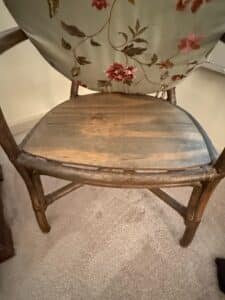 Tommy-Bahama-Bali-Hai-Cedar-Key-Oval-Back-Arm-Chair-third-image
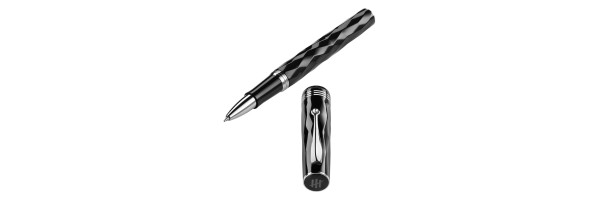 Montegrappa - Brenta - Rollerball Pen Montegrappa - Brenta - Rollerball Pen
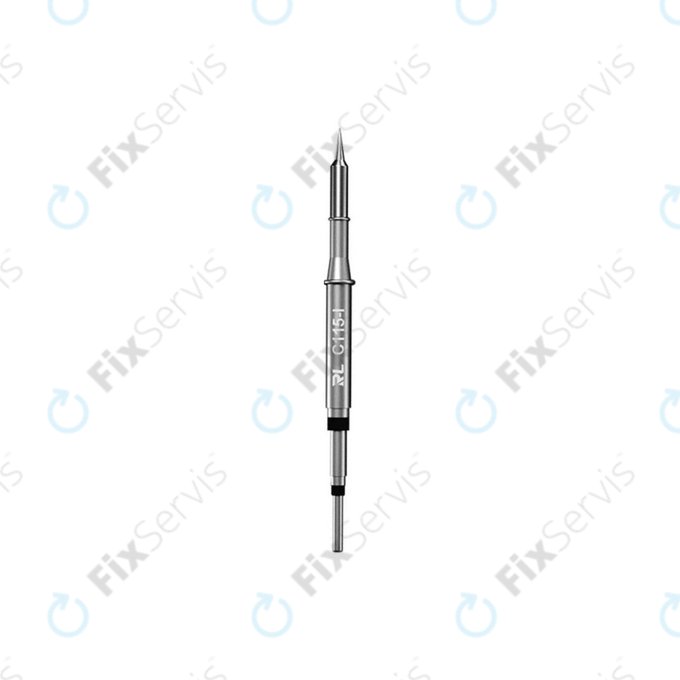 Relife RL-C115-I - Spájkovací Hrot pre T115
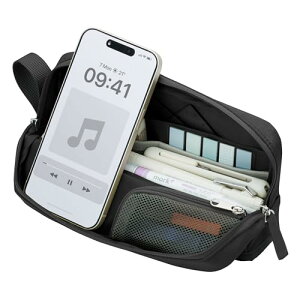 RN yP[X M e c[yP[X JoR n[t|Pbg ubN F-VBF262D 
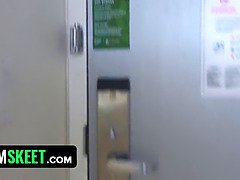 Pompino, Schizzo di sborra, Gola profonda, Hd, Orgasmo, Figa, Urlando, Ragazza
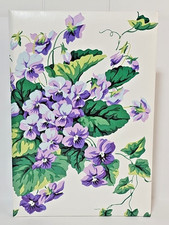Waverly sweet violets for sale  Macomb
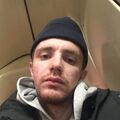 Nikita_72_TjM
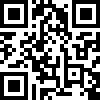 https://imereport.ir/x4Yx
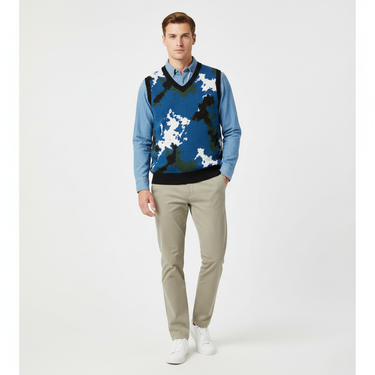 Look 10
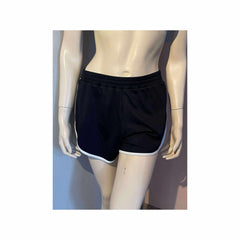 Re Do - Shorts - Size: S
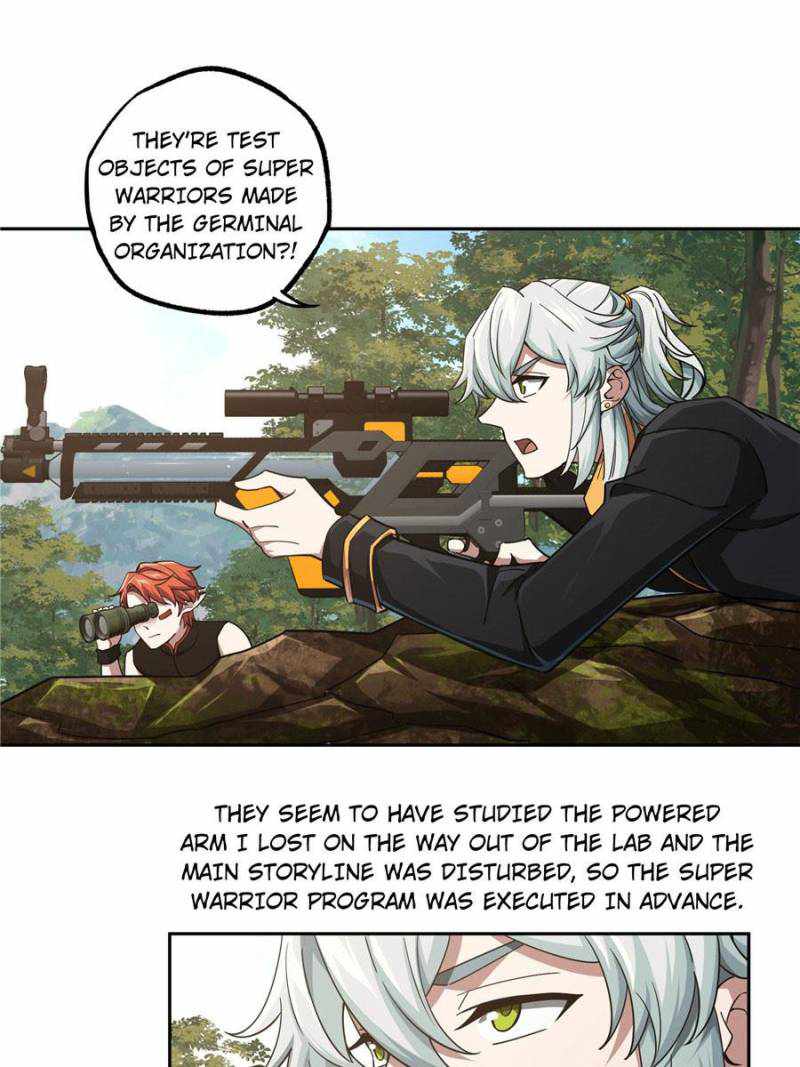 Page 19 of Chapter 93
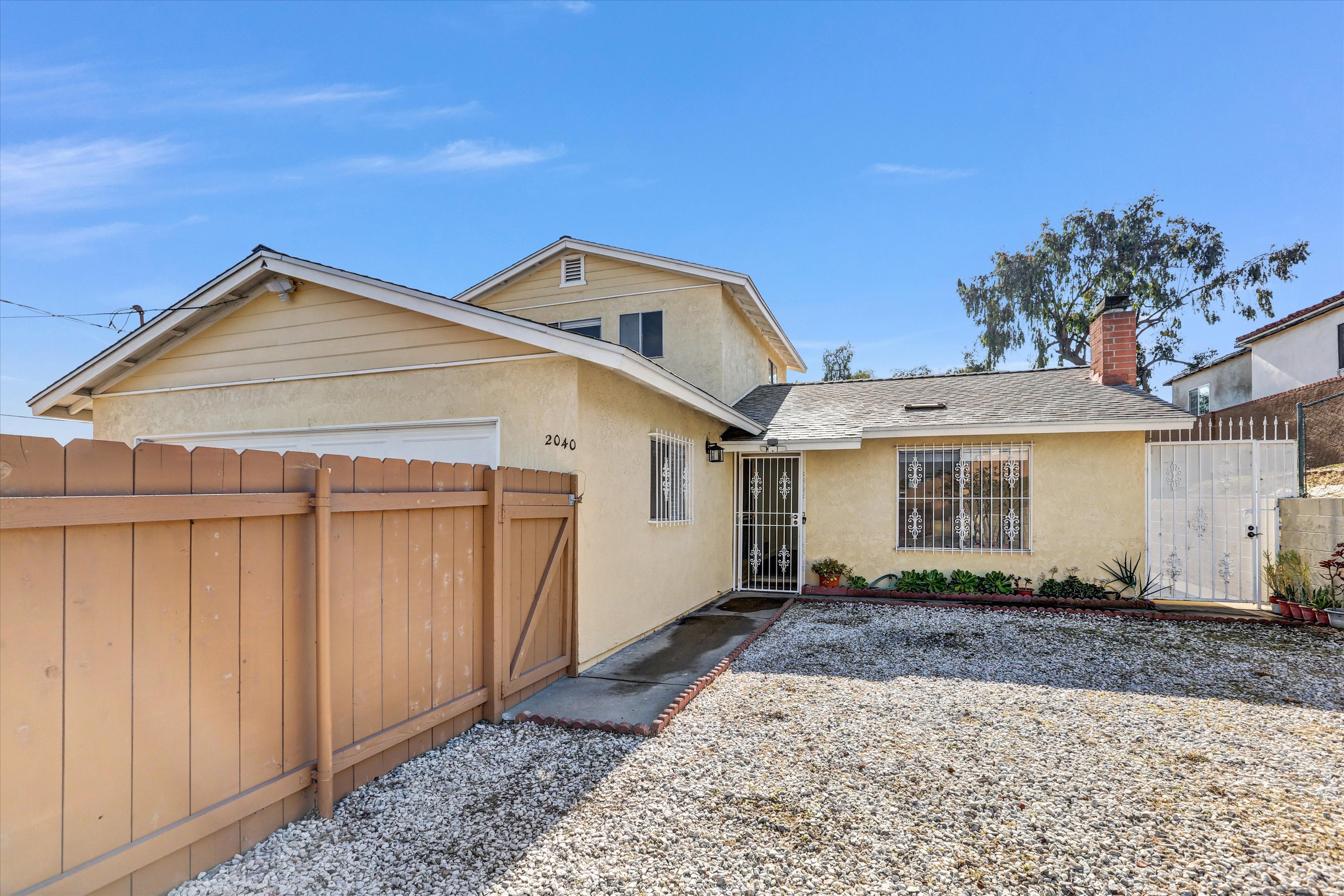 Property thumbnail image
__________
• [Problem requirements]
Give back the whole listing exactly as it stands. No pictures belong in the copy.

• [Reply]
 Tommy-Bahama-Bali-Hai-Cedar-Key-Oval-Back-Arm-Chair-third-image
 Montegrappa - Brenta - Rollerball Pen Montegrappa - Brenta - Rollerball Pen
 Relife RL-C115-I - Spájkovací Hrot pre T115
 RN yP[X M e c[yP[X JoR n[t|Pbg ubN F-VBF262D 
 Pompino, Schizzo di sborra, Gola profonda, Hd, Orgasmo, Figa, Urlando, Ragazza
Waverly sweet violets for sale  Macomb
 Nikita_72_TjM
 https://imereport.ir/x4Yx
 Look 10
 Re Do - Shorts - Size: S
 Page 19 of Chapter 93
 Property thumbnail image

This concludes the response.